Gero and other researchers found that whales form groups called 'clans,' led by females, each with its own unique diet, social behavior, and habitat use. Some clans consist of thousands of individuals and communicate in their own dialects. Dialects can be distinguished by the tempo of the coda; two different clans use the same pattern of five consecutive clicks, but the tempo and timing of the pauses are different. Gero described the whale dialects as 'cultural boundaries between clans.'

You can see what the whale's coda sounds like in the video below.

Listening in on sperm whale conversations - YouTube


To understand the rhythm and tempo of the coda, the team manually created spectrograms of the whale sound recordings - a way of visualising sound by depicting characteristics such as volume and frequency that, in humans, can be used to identify individual sound units, called phonemes.

This process is time-consuming; it would previously take team members about 10 minutes to isolate each individual click from a minute of recording. But the machine learning algorithms have significantly sped up the process. 'It also helped us isolate which sounds were made by which animals,' Gero said of the use of machine learning.

But the use of AI has made it possible to take the research a step further: instead of classifying individual words by hand, the researchers were able to find codas that correspond to entire sentences or conversations between whales.

Additionally, they found subtle variations in the spacing of the clicks, which the scientists named 'rubato,' a musical term for slight tempo changes that add expressiveness to a piece of music, and occasional additional clicks, which they named 'ornament,' after the musical practice of adding extra notes on top of a melody.

It's not yet clear what each feature means, but by using different combinations of rhythm, tempo, rubato, and ornamentation, whales can create a huge number of different codas. The researchers collected a dataset of 8,719 codas and discovered what they call the sperm whale's phonetic alphabet. The team speculates that the whales use codas as building blocks to share complex information.

As the AI uncovers these features of whale vocalizations, the team is continuing to study what they mean. For example, they are trying to analyze the meaning of individual features such as rubato by analyzing whether rubato increases before a dive or decreases when a mother communicates with her calf. 'You can't begin to ask, 'When is rubato important?' unless you know that rubato exists,' Gero said.
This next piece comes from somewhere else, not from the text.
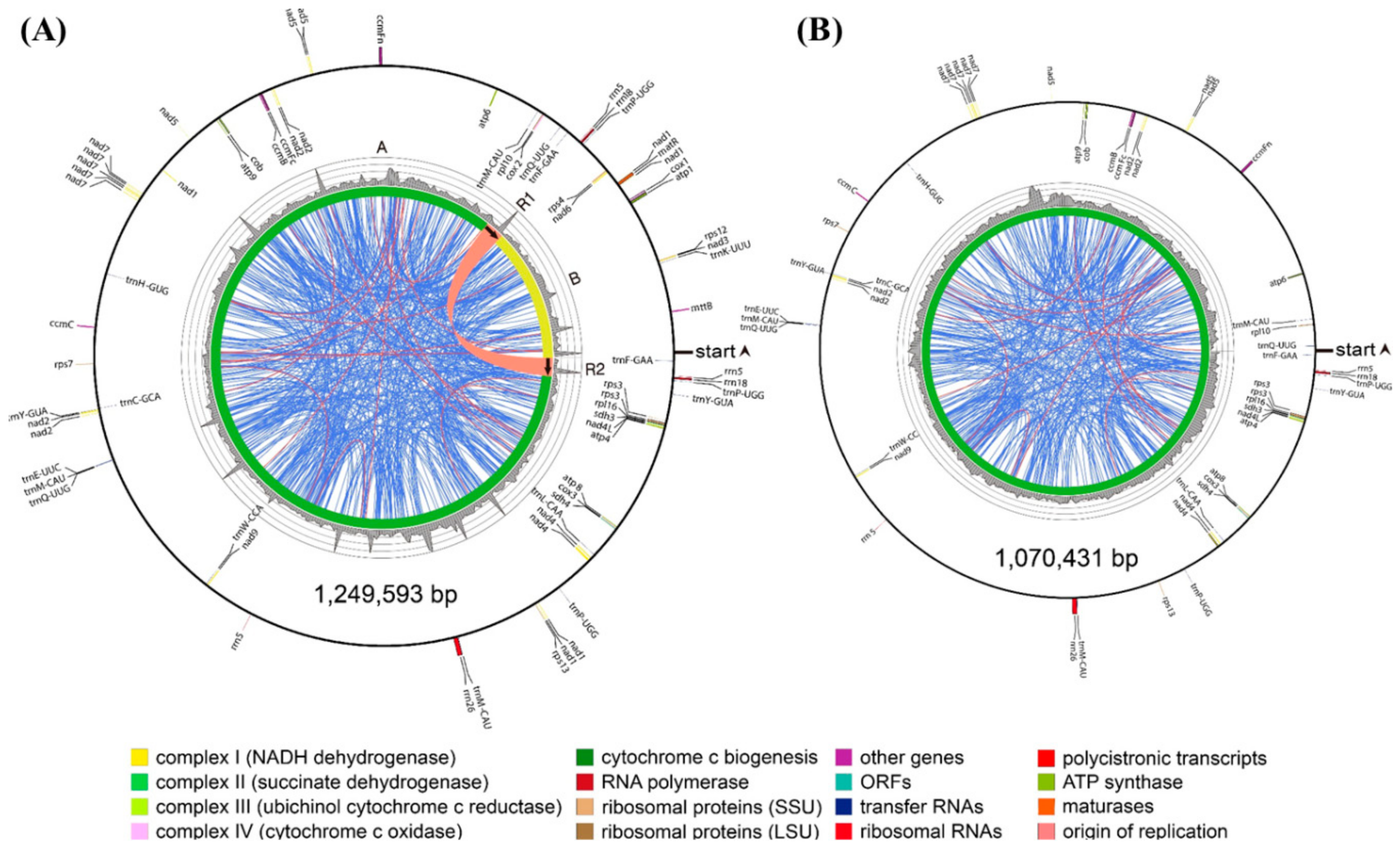 Genes 09 00383 g003 550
Sperm whales aren't the only creatures that use specific vocalizations to identify themselves. Behavioral ecologist Mickey Pardo has used machine learning to determine that wild African elephants have what appear to be names. The team says that elephants emit low rumbling sounds to let each other know when they're out of sight or approaching, and when mothers are interacting with their calves.

Pardo and his team were interested in why elephants respond to certain calls but ignore others, so they trained a machine learning model on the vocalizations that elephants responded to to see if the calls were unique.

When the machine learning model was tasked with predicting which individual the call was, it succeeded in predicting with 27.5% accuracy. 'This may not seem like a very high success rate, but remember that elephants are unlikely to use their names every time they call,' Pardo said. In addition, when the machine learning model was trained on all elephant calls, it was only 8% accurate in predicting which individual the elephant was calling.

Neuroscientist David Omer of the Hebrew University of Jerusalem in Israel has done similar experiments with marmosets. By training a computer to recognize marmoset calls, he and his team found that marmosets from the same family share similar acoustic signatures when calling each other by name.

Pardo hopes to use the same technology to see if it can decipher other elephant vocabulary, such as location words. The team notes that elephants make certain calls when they are trying to move their flocks, and some of these calls could mean they are moving to a specific location.